By Ann Marie Foley - 26 August, 2014
Social justice must be at the centre of a nation which cares for all people according to the National Management Council of the Society of St Vincent de Paul (SVP).
Speaking about the Ethics Initiative of President Michael D. Higgins, the SVP stated it wants a dialogue in 2015 with a wide range of social, economic, education, culture, spiritual and NGO groupings with a view to finding a shared vision for Irish society into the future.
SVP National President, Geoff Meagher, said that while political and economic issues have been prioritised until now, social justice must be at the centre of a nation.
“Now is the time to discuss what matters most to us as a nation – its people and the situation in which they live, work or, in too many cases, try to exist without work. It is generally accepted that we lost something as a nation during the Celtic Tiger years. Now is the time to discuss the changes needed and to prepare for when the nation emerges from this difficult period. There are no easy answers, but that is no reason not to commence the debate,” Geoff Meagher said.
The President will open a half-day forum in Dublin on 22 September next.
At the forum in Dublin, the SVP will launch an exploratory research study with one-parent families it is assisting.
Entitled “It’s the hardest job in the world”, this study will focus on SVP’s work on the causes of poverty and exclusion, which has been there since its founding in 1844.
In July, at the President of Ireland’s Ethics Initiative Garden Party, President Michael D. Higgins said it was “a project to stimulate discussion across all sectors of Irish society on the challenges of living together ethically, and what is demanded at this beginning of the twenty-first century.”
Representatives of community groups, charities, professional bodies, third level institutions were present.
The President told them that a collective assessment of ethics and values is “both important and timely, as Ireland is emerging from a crisis that has not only economic but also political, social, intellectual and moral ramifications.”
He said that more globally the Irish and other nations of the world should tackle the challenges of uncertain and volatile times.
For example in: developments in technology and science; economic and financial globalization; unsustainable high levels of inequality and poverty; the scale of migrations worldwide; or global climate change.
“We are collectively and urgently challenged to find a distinctive, engaged and moral voice, to be conscious actors rather than passive targets in the current global flux of disintegrating models of social, economic and political life – circumstances that challenge the participatory core of democracy itself,” he stated.

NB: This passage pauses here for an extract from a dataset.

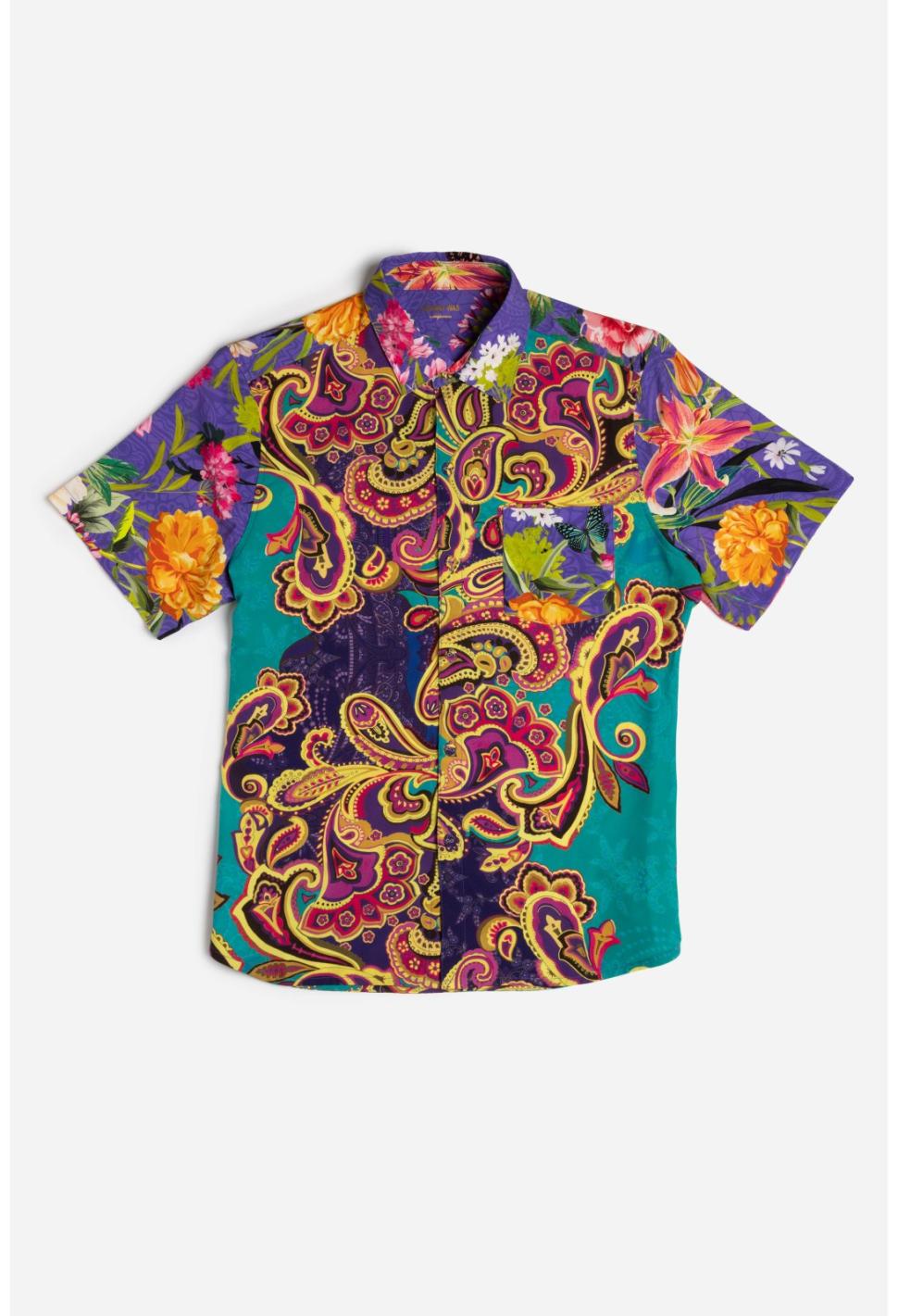 Women Swim &amp; Resort | Johnny Was Paisley Heart Mens Coverup Shirt Paisley Heart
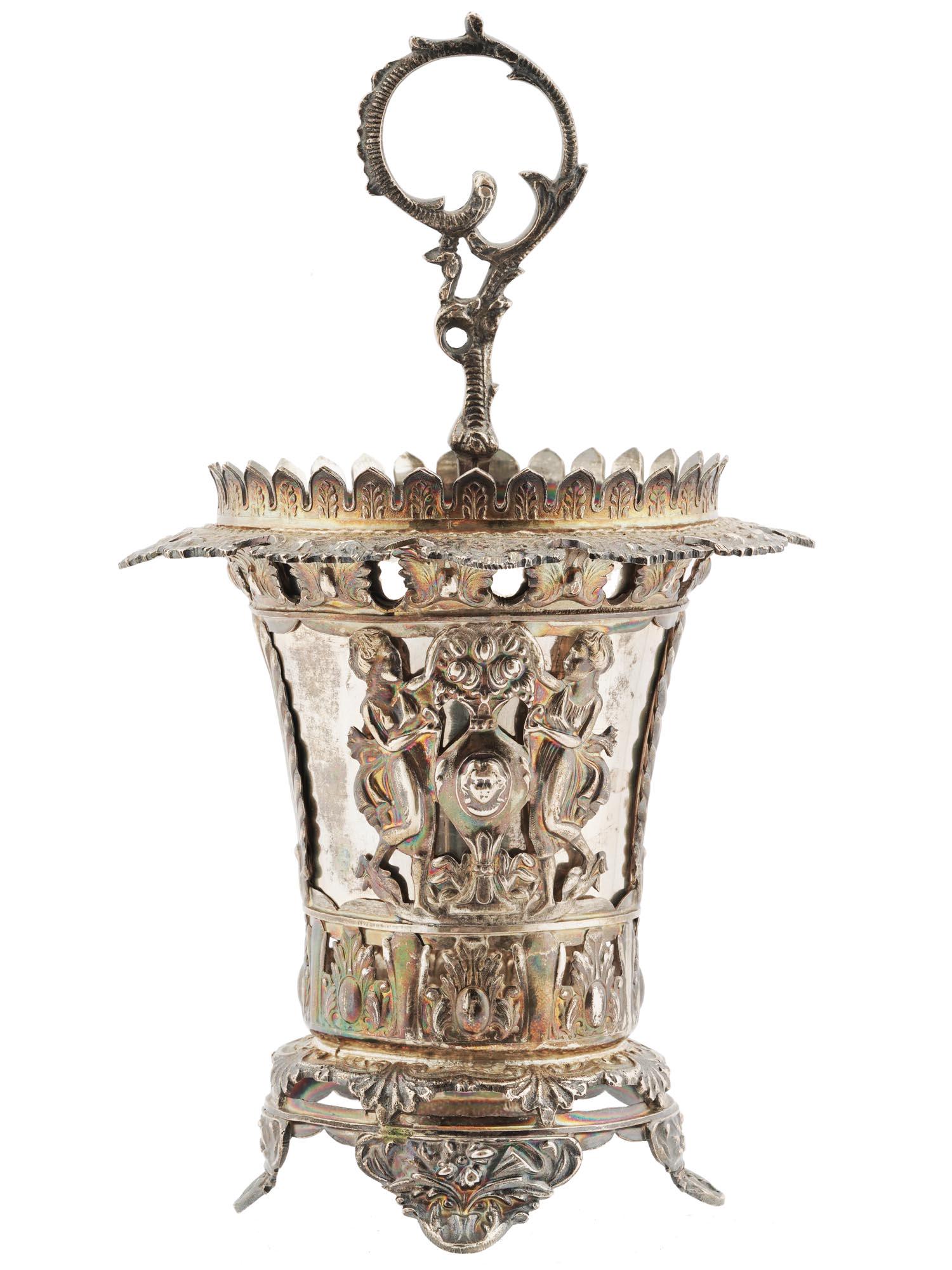 ANTIQUE ITALIAN SILVER PLATED SPOON RACK W INSERT (1 of 5)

The President suggested that people should “unlearn” assumptions such as: that generalized competition is the core impulse of human life; or the inevitability of unrestrained self-interest; and conceptions of value as being confined to what is measurable.
“Such ideas have become so pervasive, and caused so much damage, in our collective life that we are morally challenged to confront them,” he said.
He felt that Irish citizens are willing to move beyond anger and recrimination in response to recent difficulties.
“They are eager to discuss a new set of principles by which they might represent and project their lives together, and with all those with whom we share our common and fragile planet,” he said.
Universities have already held some of the more than 50 events that are to be held to stimulate debate on and awareness of ethics. Among the themes to be explored are ethics in all disciplines such as economics, cyberethics and media, healthcare, planning and construction, religion and public life.
The President of Ireland’s Ethics Initiative is the second in a series of public seminars and reflections that President Higgins intends to hold during his term in Office.